In 2020, Polese and his colleagues demonstrated the first spectrum-sharing system for frequencies above 100 GHz.

Polese and his colleagues propose several solutions, such as time sharing, spatial sharing, and signal-level sharing between technologies, that could help save satellite signals and deal with interference more broadly. First, they note that because higher frequencies allow for larger bandwidth during communications, this could help shorten the time needed for transmissions, thus potentially enabling more refined and flexible time-sharing strategies among users. Essentially, some technologies could take turns tapping into a certain frequency range.

In this case, emerging technologies will need to be designed to coexist and share the spectrum. The authors point out that this may be more challenging to implement quickly in satellites and for telescopes, which require more long-term planning and implementation. However, as telecommunications quickly evolve and future networks like 6G are planned, there’s an opportunity to embed the hardware and software designs to facilitate sharing of the electromagnetic spectrum.

“Spectrum-sharing solutions discussed today can be integrated into tomorrow’s standards and technologies, embedding coexistence and spectrum sharing in the protocol stack, rather than layering it on top as an afterthought,” says Polese.

Spectrum-sharing solutions

One factor that may help facilitate the sharing of the spectrum above 100 GHz is that these signals are highly directional, so they can be spatially manipulated so as not to interfere with one another, thereby decreasing the chances of overlap. In their study, Polese and his colleagues describe a way to emit high-frequency telecommunications signals using an “inverse pyramidal” antenna-array design. The antenna helps keep signals close to Earth’s surface and avoids impinging on the remote-sensing satellites that track the climate and weather changes orbiting above.

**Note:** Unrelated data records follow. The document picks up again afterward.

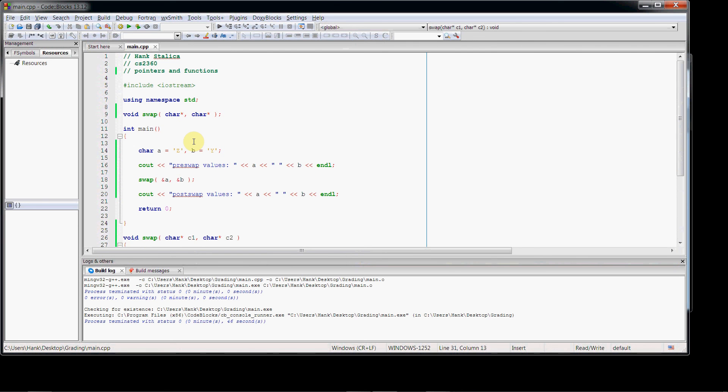So there's an example of using pointers with functions. Hopefully you found this video helpful, and as always, if you have any questions, feel free to email me or stop by my office hours. That's everything, and thanks for watching. We'll catch you next time.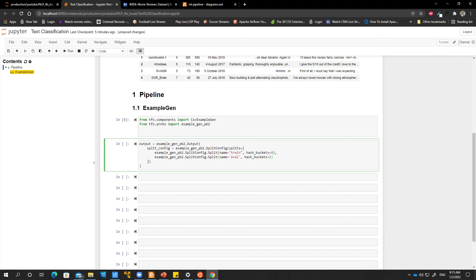Okay. So I plan to make every video at most 10 minutes. So we are past 10 minutes limit now and we'll continue with our data ingestion in the next video.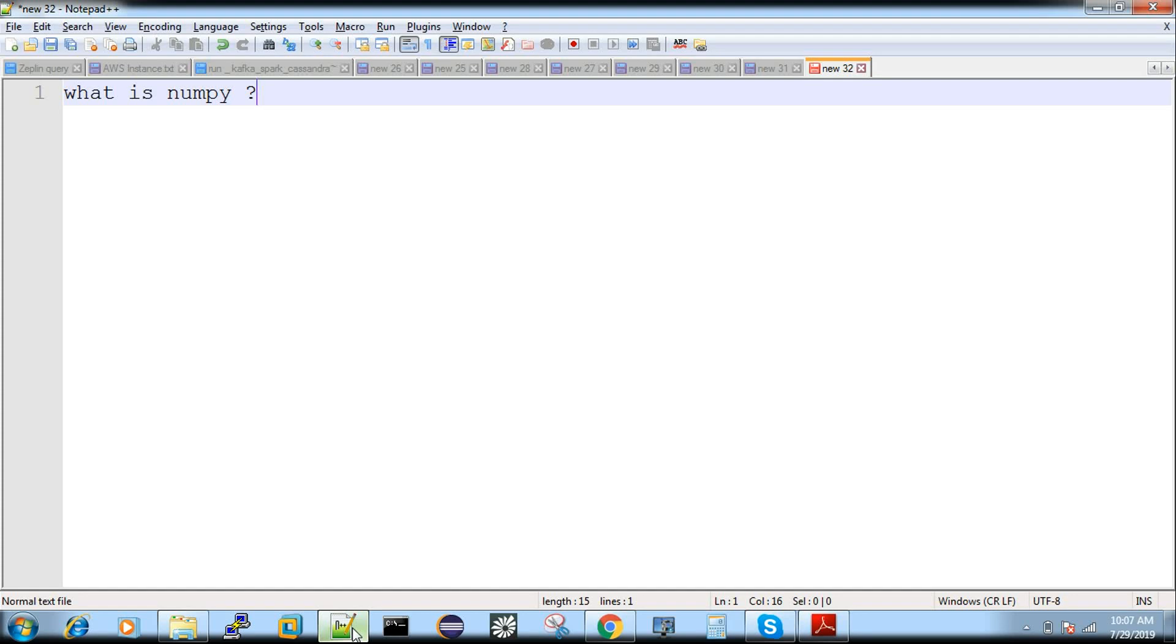I can show you more practical videos in upcoming sessions. This video is just to explain what exactly NumPy is all about. Soon I will show you how to install and how to start with the practical stuff.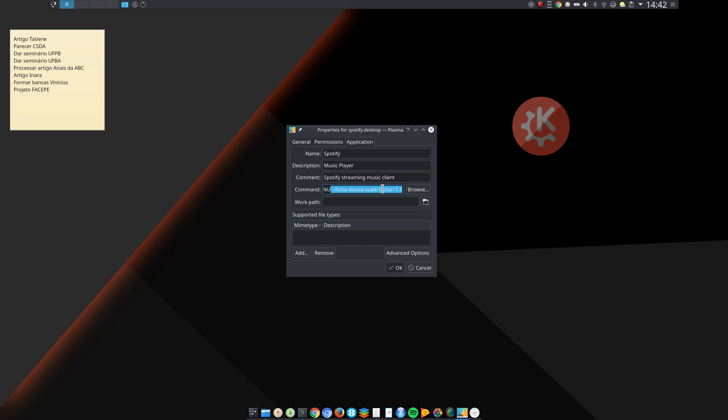Then everything looks bigger and the fonts are bigger and I can actually read the text. So under some applications you still need to do some minor adjustment, and that's how I did it with Spotify.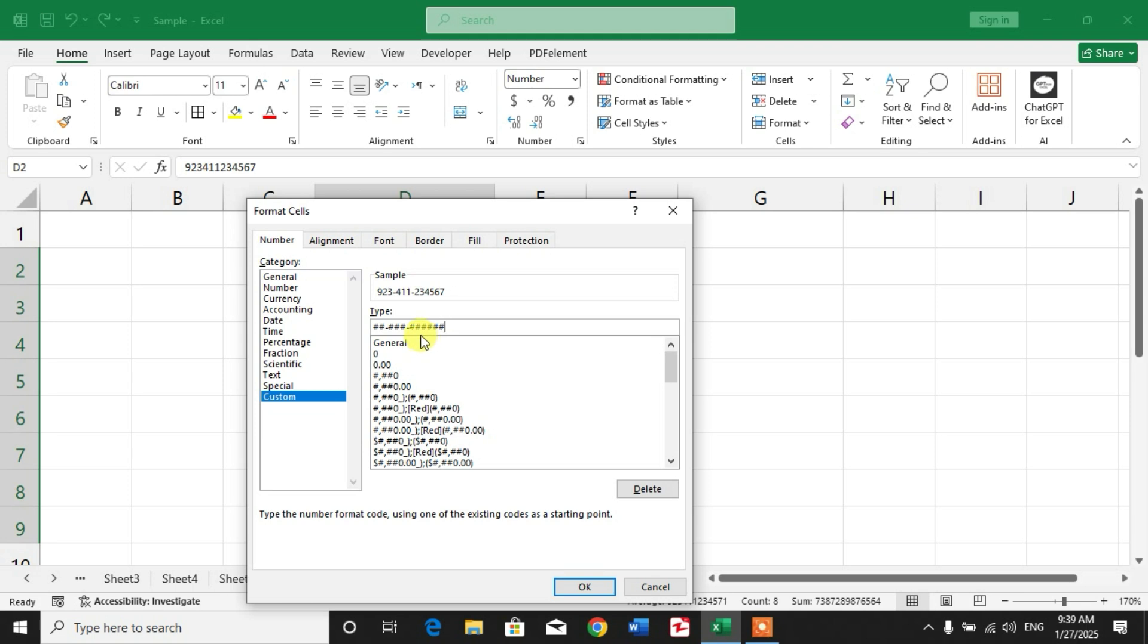Friends, you can see now click OK. Dashes or hyphens have been inserted in the phone numbers.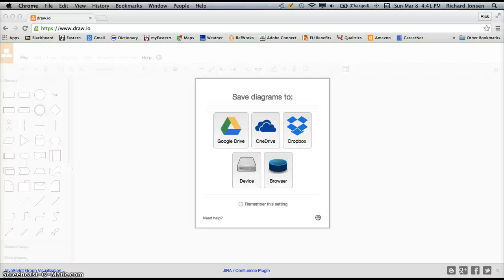Hey, everybody. This is Professor Johnson. I'm going to show you today how to do a simple process flowchart using draw.io.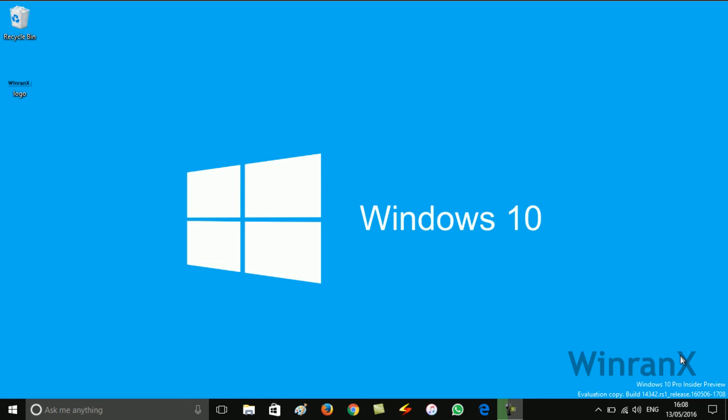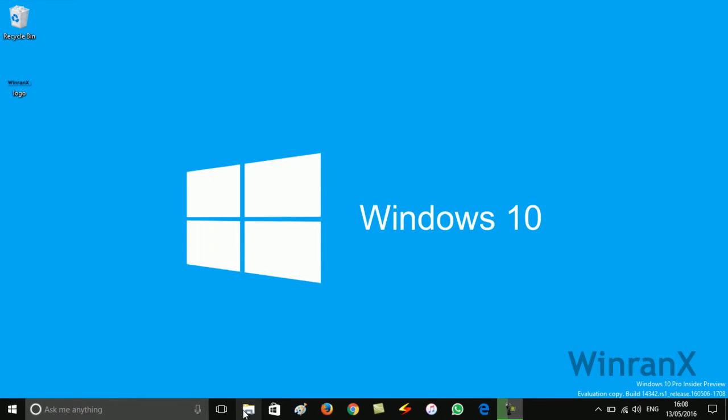Hello guys, this is Vinay from winranks.com and in today's video I will show you how to get the ESD file of Windows 10 current build installed on your computer. So let's get started. First of all, you need to open File Explorer.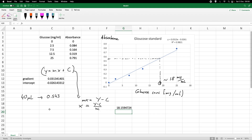In the next video we will use our knowledge of the dilutions to figure out the concentration in the undiluted honey.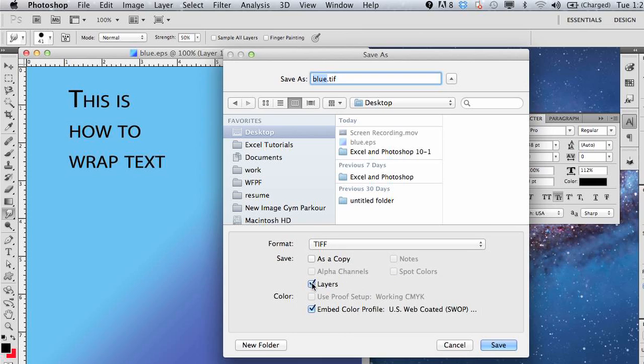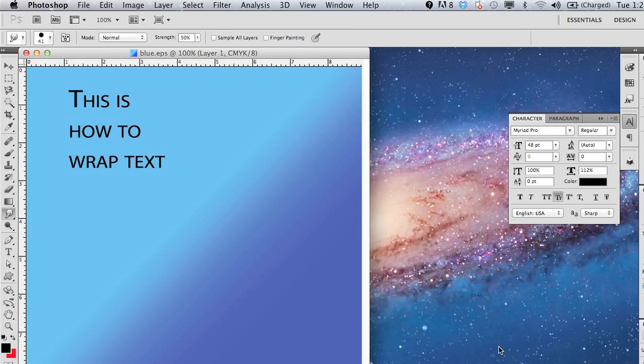I would omit layers if it's only one layer, just to save space. It will now save it as a copy. Choose your location, click save.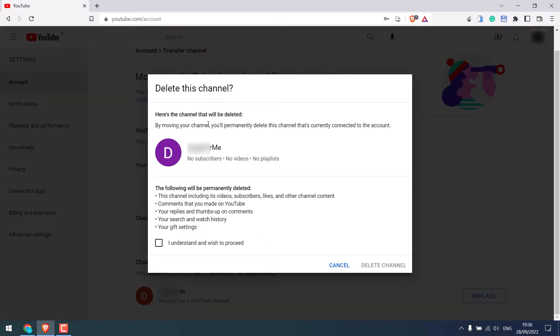So you will be prompted with this. Please read all this information. By moving the channel, you will permanently delete this channel that's currently connected to the account. That's actually what we want, as this is the channel we just created with zero subscribers.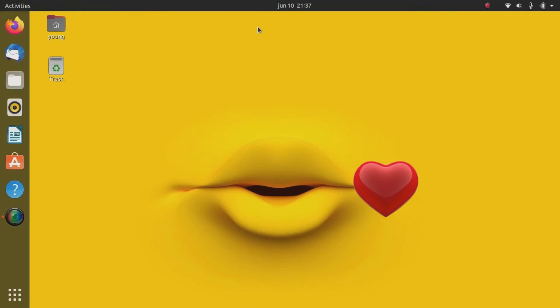Hello everyone, welcome once again to this channel. It's your boy Bright Young speaking, and today we are here once again with a wonderful and very simple video for you guys. Today we are going to introduce to you the Ubuntu operating system.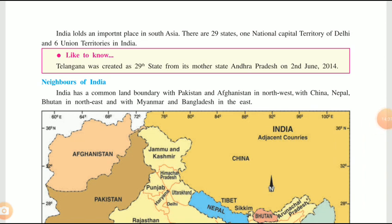Recently, Article 370 was revoked in Jammu and Kashmir, and because of that, Jammu and Kashmir has been dissolved into two union territories: Jammu & Kashmir and Ladakh. At present, India has 28 states and nine union territories. To repeat: because of the application of Article 370, the state of Jammu and Kashmir was dissolved into two union territories — Jammu & Kashmir and Ladakh — resulting in India now having 28 states and nine union territories.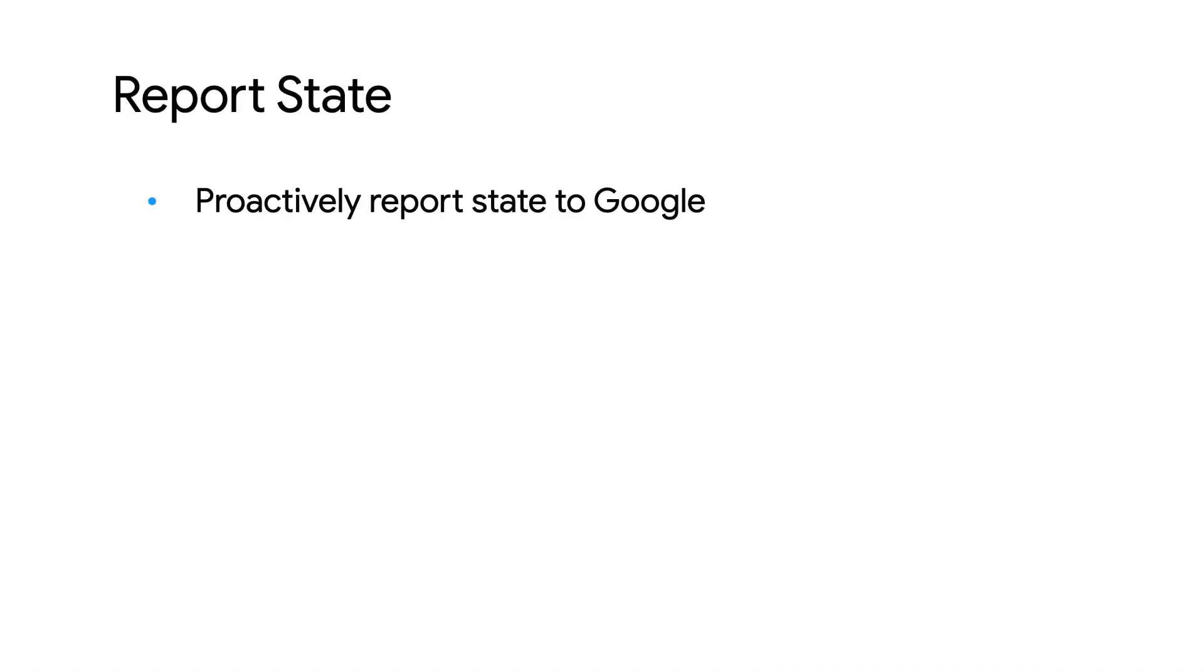Report State enables developers to proactively report to Google the latest status of the user's devices to HomeGraph, rather than Google issuing a query intent before an execute. This minimizes queries to reduce latency and limit network congestion.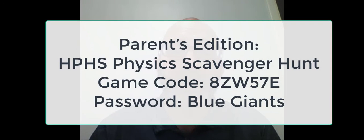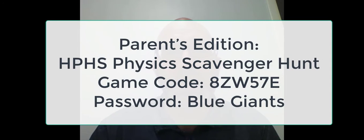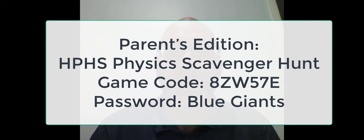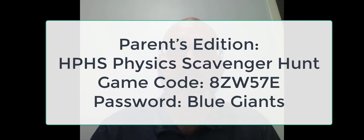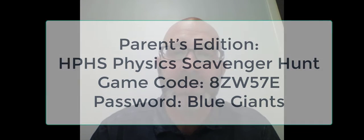Once you've installed it, you can look for the Parents Edition HPHS Scavenger Hunt with the game code 8ZW57E and the password capital B, Blue, capital G, Giants.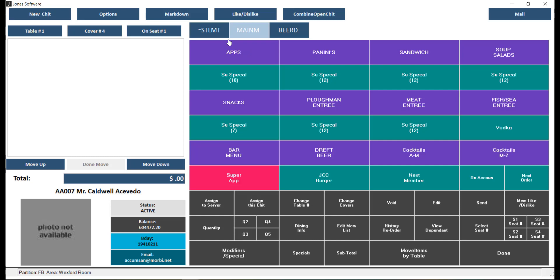All of these toolbars and menus can be customized and applied to a sales area. The top left-hand side of your screen provides the ability to change the table number, number of covers, and the seat number you are applying the item to.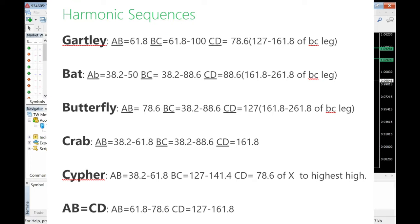If you look at the ABCD pattern, it says AB equals 61.8 to 78.6. Pretty much what that means: 61.8 in Fibonacci is the golden ratio. If you don't know about Fibonacci, go do some research — I'll probably get into it a bit later. You're looking for a market retracement between 61.8 and 78.6 — that's going to be the AB leg.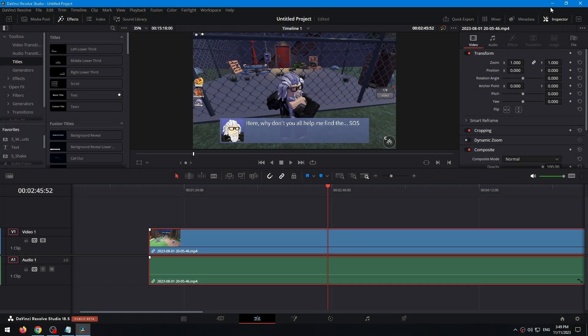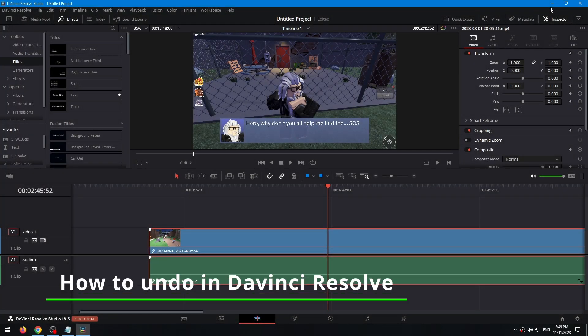Hello everyone, today I'm going to show you how to undo in DaVinci Resolve. It's very simple, let's get started.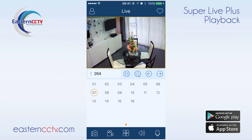Hello from Eastern CCTV. In this video we will be going over the playback function on the SuperLive Plus app, which allows us to view footage recorded on the DVRs remotely. To view the recorded footage on the DVR, the DVR has to be added to the server list of the SuperLive Plus app. Please watch our previous video about how to add a DVR to this app.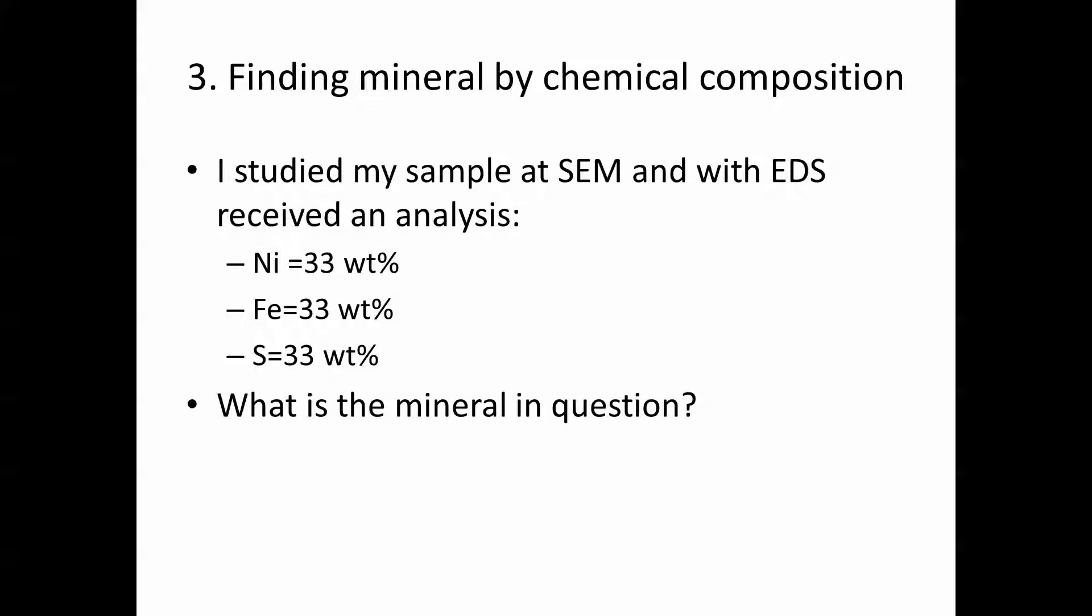We are demonstrating a case where we have a sample which we studied with the scanning electron microscope and with the EDS we received an analysis which contains nickel, iron and sulfur all about the same proportion, so 33% each of them. And the question is what is this mineral?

Polese and his colleagues operate several experimental test-beds at Northeastern University to evaluate spectrum sharing, including Colosseum, for frequencies below 6 GHz, and the TeraNova platform for above 100 GHz, led by Josep Jornet.

In 2020, the team demonstrated for the first time a spectrum-sharing system above 100 GHz, capable of hopping between different frequency bands to avoid interfering with sensing satellites. In this scenario, using a dual-band backhaul link, the wireless system operated on two frequency bands. Whenever a satellite using one of the frequencies for sensing was in sight, the system automatically switched to the other frequency.

The Northeastern team will continue to study ways to find solutions between frequency-sharing technologies. Moving forward, Polese says, “we are focusing on modeling radio-frequency interference [RFI] with large-scale wireless network models, and understanding the theoretical limits and relationship between the design parameters of 6G networks and the RFI at the satellite interface.”

Polese and his colleagues reviewed the interference problem and potential solutions in Proceedings of the IEEE.